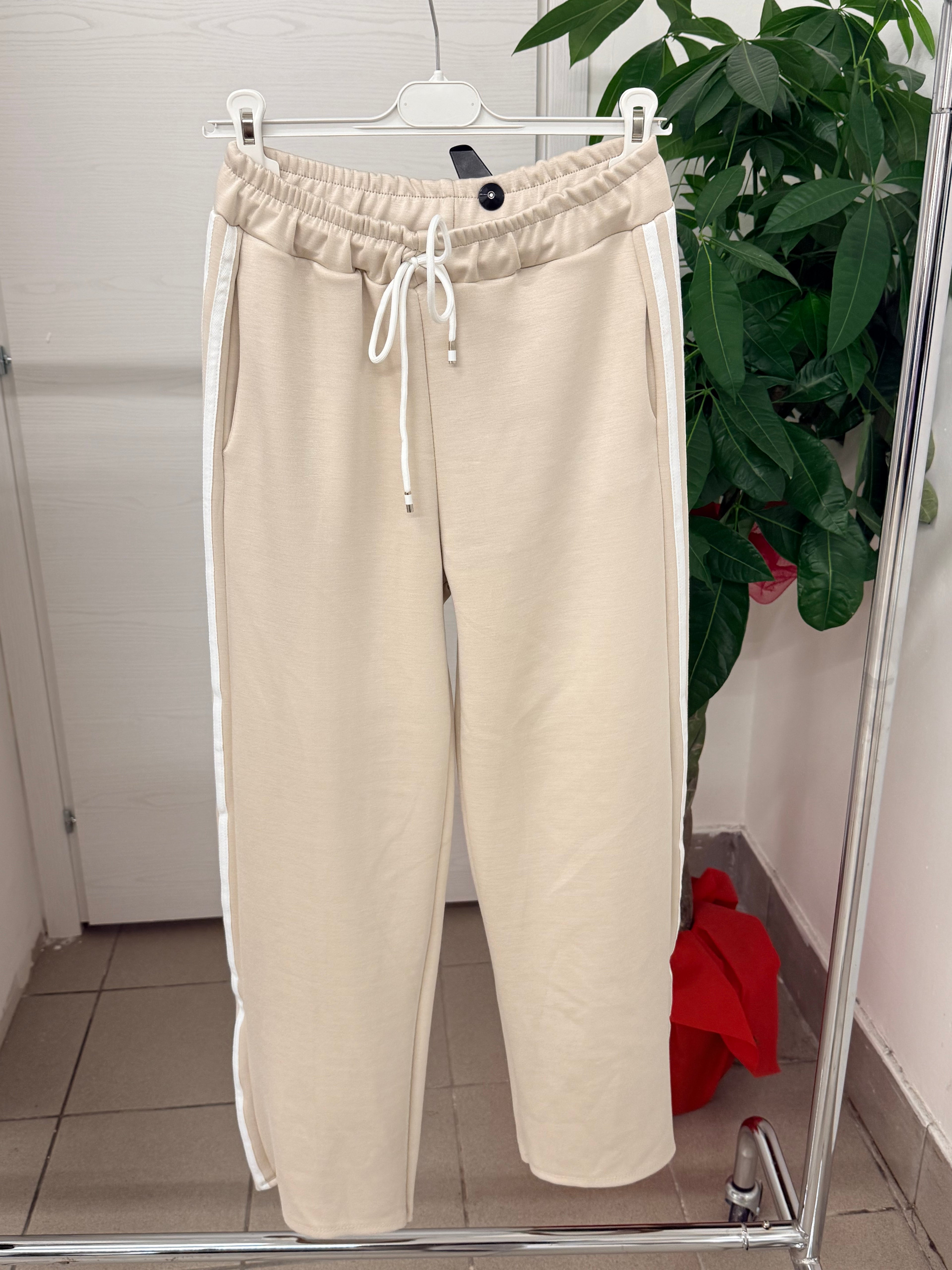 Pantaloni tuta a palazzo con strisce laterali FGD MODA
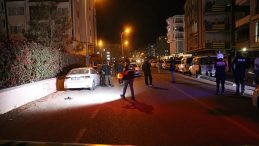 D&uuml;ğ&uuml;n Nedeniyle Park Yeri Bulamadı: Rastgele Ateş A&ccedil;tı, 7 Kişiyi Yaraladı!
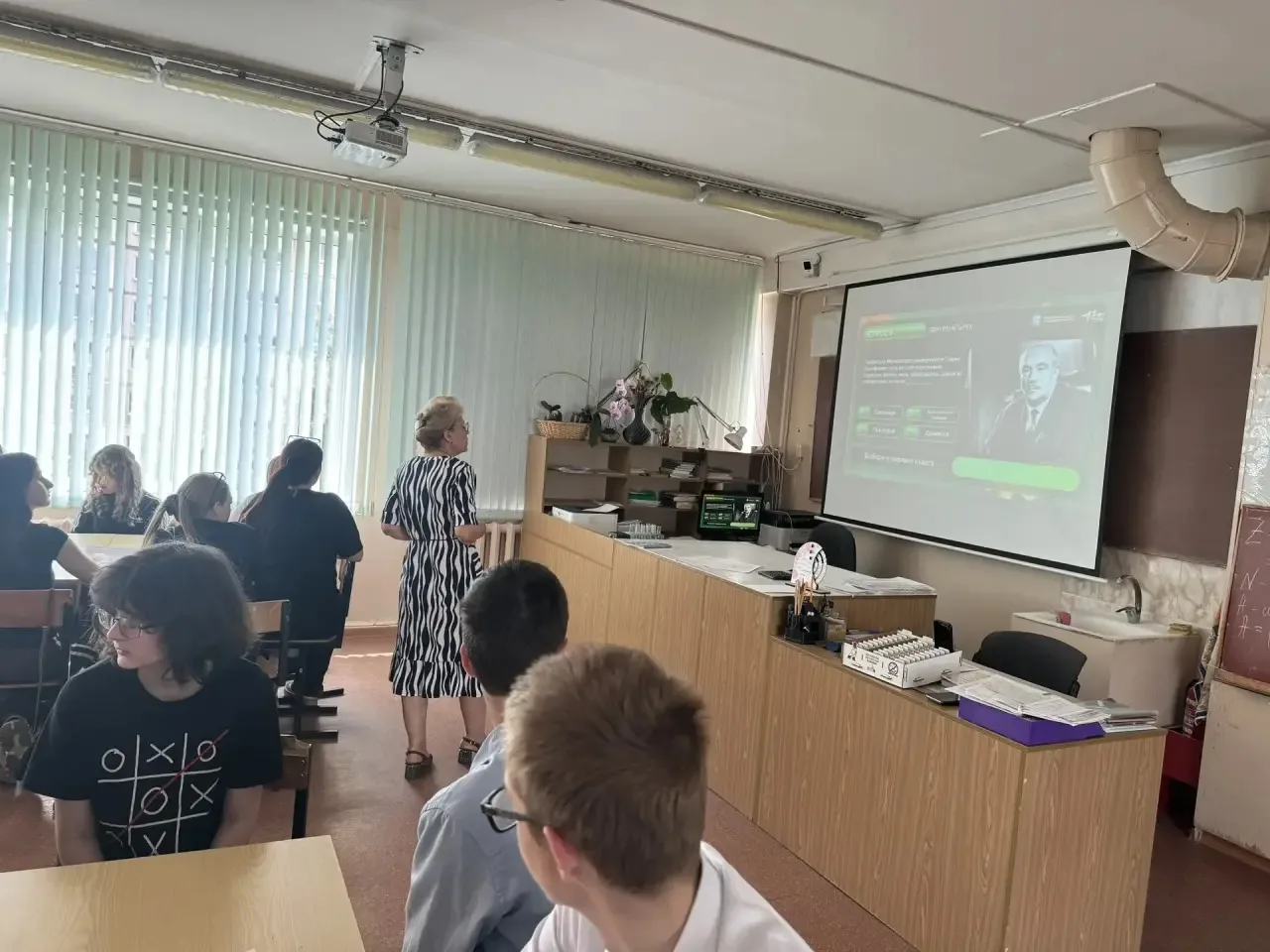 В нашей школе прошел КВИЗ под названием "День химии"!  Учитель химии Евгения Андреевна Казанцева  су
# # # #
* _TASK_: Retype all of the data above word for word, excluding the pictures.

* _RESPONSE TO THE EXERCISE_:
 Pantaloni tuta a palazzo con strisce laterali FGD MODA
 D&uuml;ğ&uuml;n Nedeniyle Park Yeri Bulamadı: Rastgele Ateş A&ccedil;tı, 7 Kişiyi Yaraladı!
 В нашей школе прошел КВИЗ под названием "День химии"!  Учитель химии Евгения Андреевна Казанцева  су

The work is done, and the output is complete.